**ASSIGNMENT**: Only a number is wanted: how many lines in the records below contain "Classic"?

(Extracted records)
----------------------------------------

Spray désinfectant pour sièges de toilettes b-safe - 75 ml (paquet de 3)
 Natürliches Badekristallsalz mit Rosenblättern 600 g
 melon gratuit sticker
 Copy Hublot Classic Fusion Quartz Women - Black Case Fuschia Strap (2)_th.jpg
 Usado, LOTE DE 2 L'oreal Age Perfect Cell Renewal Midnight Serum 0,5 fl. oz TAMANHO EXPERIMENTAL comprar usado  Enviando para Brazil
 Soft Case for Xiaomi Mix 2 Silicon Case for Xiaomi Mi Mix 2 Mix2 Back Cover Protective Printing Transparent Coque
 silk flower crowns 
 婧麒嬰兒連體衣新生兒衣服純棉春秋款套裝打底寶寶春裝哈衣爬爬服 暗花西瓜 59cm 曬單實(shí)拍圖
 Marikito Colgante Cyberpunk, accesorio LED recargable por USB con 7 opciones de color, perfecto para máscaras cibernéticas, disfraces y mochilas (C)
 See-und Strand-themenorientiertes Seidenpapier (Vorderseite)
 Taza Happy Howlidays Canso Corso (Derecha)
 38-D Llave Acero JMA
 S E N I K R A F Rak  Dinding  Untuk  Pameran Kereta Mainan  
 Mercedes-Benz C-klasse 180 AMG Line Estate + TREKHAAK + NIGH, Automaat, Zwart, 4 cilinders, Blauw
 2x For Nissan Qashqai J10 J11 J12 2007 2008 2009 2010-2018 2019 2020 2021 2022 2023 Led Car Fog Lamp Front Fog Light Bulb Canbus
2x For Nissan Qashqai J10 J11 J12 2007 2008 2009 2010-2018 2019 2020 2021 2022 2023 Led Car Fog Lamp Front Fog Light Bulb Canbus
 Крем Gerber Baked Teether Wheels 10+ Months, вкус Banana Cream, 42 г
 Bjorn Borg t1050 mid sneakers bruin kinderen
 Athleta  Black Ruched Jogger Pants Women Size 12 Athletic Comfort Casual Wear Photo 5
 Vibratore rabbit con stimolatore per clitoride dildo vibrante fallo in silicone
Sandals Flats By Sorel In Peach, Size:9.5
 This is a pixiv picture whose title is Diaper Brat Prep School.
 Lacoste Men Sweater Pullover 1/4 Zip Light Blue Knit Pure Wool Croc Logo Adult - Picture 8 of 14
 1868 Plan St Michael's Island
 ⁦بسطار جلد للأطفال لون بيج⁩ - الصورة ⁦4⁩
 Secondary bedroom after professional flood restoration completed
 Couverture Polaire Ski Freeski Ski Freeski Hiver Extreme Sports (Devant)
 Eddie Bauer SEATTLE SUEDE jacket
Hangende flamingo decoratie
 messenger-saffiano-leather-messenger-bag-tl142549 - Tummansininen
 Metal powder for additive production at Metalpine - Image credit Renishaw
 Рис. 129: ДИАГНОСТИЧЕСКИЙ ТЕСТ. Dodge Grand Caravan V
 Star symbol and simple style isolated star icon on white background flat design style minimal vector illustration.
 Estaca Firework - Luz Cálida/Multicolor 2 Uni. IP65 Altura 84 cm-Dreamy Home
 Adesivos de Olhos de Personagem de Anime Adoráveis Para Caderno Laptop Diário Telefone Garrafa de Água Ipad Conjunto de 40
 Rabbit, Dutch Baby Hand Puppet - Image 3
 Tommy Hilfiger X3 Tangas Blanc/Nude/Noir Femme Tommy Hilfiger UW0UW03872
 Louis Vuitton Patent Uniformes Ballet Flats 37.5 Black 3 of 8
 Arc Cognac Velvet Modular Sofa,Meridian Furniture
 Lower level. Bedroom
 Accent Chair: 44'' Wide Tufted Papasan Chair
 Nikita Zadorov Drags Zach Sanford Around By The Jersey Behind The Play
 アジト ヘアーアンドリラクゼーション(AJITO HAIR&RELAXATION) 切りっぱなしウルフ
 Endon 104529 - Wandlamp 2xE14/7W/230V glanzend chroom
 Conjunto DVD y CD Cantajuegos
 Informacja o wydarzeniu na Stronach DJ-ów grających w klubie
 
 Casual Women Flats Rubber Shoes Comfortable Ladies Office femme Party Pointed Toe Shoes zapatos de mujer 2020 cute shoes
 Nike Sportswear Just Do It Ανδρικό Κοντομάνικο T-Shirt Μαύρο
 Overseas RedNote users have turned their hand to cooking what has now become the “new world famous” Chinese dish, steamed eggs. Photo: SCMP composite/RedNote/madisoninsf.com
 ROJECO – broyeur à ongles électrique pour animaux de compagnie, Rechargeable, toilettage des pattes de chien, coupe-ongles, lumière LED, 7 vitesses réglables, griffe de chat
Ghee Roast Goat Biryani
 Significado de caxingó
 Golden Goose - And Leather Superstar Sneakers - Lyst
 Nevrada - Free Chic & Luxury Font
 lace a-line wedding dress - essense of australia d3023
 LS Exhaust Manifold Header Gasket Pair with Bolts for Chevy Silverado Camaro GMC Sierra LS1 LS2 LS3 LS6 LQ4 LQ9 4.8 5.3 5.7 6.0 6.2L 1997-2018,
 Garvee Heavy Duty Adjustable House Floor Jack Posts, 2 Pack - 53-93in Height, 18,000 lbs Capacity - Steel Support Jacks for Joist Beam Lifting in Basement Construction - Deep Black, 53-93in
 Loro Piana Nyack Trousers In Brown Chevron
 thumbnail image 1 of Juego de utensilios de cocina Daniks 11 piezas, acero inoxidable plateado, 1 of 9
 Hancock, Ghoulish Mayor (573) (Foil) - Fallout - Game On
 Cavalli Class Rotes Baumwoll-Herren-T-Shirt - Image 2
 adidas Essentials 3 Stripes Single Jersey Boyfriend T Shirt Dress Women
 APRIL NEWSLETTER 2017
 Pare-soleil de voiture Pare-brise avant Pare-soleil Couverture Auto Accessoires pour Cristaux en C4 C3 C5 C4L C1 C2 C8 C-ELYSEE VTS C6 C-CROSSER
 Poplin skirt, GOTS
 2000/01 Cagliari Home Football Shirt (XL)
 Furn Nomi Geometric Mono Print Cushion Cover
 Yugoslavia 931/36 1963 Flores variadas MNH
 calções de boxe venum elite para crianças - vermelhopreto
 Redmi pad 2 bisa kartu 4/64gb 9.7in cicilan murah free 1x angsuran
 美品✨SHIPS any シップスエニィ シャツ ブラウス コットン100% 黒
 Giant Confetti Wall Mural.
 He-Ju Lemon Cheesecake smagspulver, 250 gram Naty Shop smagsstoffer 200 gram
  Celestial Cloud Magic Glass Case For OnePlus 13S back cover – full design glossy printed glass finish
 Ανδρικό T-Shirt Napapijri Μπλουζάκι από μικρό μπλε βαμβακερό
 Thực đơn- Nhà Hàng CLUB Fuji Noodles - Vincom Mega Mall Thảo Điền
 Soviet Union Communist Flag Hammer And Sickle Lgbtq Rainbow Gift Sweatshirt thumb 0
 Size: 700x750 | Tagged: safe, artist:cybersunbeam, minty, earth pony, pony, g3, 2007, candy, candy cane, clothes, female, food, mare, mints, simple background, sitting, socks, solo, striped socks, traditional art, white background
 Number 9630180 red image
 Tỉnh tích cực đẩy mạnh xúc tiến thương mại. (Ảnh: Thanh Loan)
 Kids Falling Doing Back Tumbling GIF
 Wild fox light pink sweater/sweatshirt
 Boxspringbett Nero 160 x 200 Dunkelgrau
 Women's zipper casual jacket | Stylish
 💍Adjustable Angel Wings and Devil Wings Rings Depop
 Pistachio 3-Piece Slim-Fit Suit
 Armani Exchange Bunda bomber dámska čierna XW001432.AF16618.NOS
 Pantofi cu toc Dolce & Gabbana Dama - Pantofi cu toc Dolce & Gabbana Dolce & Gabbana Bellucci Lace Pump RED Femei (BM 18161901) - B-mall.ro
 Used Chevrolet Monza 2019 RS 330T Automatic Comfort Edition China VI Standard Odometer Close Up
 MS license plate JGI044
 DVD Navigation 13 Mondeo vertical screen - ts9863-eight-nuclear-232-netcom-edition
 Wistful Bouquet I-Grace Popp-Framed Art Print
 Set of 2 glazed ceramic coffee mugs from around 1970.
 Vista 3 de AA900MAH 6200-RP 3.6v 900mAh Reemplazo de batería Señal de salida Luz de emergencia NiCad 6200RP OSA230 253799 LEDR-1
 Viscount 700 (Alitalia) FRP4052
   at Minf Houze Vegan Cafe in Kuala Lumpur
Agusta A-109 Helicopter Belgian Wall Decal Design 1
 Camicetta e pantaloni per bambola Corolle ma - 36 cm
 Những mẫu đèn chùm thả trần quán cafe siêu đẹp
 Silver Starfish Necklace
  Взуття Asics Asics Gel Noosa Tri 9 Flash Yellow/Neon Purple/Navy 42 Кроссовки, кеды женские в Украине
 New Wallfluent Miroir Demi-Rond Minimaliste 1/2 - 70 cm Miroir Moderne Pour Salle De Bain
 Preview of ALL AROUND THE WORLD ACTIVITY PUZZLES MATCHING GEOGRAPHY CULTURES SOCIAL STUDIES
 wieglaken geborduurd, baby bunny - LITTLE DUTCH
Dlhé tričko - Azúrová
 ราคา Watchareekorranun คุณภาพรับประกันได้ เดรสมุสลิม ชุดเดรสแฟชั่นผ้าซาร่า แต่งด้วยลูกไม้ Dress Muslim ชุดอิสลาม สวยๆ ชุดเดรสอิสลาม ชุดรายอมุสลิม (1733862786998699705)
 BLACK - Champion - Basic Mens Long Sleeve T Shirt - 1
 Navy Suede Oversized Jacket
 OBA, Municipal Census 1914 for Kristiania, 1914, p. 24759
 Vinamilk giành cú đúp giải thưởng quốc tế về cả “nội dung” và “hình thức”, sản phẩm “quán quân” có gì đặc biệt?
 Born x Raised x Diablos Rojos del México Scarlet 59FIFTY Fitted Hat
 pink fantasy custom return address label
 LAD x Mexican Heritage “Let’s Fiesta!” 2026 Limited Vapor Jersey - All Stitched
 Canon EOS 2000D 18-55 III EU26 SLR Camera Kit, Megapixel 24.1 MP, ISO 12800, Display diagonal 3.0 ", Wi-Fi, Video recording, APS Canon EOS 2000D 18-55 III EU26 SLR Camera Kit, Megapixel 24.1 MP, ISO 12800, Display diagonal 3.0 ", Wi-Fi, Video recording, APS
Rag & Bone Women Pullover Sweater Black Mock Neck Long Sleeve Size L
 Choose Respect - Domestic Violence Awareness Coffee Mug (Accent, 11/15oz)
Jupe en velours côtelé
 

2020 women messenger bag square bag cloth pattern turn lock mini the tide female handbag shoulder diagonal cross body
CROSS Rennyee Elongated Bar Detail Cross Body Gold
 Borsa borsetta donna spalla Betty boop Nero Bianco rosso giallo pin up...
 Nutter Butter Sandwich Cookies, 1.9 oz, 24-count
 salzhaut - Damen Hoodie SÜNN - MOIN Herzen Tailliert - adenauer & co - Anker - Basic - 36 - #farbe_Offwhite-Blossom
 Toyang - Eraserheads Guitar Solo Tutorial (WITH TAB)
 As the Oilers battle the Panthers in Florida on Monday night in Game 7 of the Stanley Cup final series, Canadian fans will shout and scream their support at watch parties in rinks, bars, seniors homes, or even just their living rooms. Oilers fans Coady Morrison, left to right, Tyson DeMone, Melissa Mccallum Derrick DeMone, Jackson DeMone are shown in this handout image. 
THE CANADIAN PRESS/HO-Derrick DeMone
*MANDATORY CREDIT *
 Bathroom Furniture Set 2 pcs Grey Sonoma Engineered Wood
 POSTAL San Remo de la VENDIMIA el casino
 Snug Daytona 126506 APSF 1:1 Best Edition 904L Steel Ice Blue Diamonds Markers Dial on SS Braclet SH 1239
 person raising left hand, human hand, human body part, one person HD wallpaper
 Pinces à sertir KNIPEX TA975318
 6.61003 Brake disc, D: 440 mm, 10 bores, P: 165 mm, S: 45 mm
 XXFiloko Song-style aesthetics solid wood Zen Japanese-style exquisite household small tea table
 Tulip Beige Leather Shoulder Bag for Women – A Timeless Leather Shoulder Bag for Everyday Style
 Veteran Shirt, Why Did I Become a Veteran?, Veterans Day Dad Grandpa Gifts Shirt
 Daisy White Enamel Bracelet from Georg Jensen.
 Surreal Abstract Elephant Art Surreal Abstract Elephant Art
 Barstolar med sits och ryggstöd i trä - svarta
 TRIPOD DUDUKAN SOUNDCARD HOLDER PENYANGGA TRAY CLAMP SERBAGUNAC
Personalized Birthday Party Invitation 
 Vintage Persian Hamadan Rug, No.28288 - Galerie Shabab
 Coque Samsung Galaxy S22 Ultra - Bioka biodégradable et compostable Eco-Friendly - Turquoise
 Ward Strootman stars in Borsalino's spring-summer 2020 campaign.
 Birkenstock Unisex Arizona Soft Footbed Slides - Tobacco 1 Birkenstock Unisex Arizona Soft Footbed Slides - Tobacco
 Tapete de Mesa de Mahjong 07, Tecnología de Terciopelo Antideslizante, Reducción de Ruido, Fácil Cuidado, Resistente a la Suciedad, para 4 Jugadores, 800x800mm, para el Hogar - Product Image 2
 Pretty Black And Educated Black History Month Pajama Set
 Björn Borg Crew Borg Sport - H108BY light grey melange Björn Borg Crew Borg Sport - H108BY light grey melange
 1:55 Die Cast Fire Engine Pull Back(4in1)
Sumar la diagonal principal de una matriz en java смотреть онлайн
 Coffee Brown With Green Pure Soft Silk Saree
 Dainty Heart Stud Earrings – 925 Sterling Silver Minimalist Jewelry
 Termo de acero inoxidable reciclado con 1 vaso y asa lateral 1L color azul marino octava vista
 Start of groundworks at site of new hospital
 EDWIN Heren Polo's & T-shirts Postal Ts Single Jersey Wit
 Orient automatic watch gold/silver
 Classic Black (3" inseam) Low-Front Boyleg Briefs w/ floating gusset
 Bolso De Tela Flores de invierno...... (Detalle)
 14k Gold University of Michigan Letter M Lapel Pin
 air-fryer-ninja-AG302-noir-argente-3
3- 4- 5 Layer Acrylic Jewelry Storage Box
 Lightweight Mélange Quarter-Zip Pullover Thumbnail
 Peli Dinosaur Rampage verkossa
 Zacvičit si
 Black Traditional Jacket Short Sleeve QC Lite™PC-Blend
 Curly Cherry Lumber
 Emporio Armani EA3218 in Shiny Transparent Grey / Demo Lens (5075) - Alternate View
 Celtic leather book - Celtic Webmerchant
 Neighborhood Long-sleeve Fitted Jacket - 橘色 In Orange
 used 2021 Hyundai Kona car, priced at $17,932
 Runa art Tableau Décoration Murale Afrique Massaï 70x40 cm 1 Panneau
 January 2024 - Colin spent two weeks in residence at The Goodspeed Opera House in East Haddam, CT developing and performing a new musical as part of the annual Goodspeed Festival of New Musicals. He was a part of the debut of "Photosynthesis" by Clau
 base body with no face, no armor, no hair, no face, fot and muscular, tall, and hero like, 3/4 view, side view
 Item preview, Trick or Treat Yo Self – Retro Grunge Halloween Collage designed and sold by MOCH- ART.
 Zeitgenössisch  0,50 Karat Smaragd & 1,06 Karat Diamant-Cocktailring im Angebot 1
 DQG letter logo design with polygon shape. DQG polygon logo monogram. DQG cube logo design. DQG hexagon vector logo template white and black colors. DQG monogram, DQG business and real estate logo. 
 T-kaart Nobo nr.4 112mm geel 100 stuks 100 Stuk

----------------------------------------

**SOLVED PROBLEM**: 2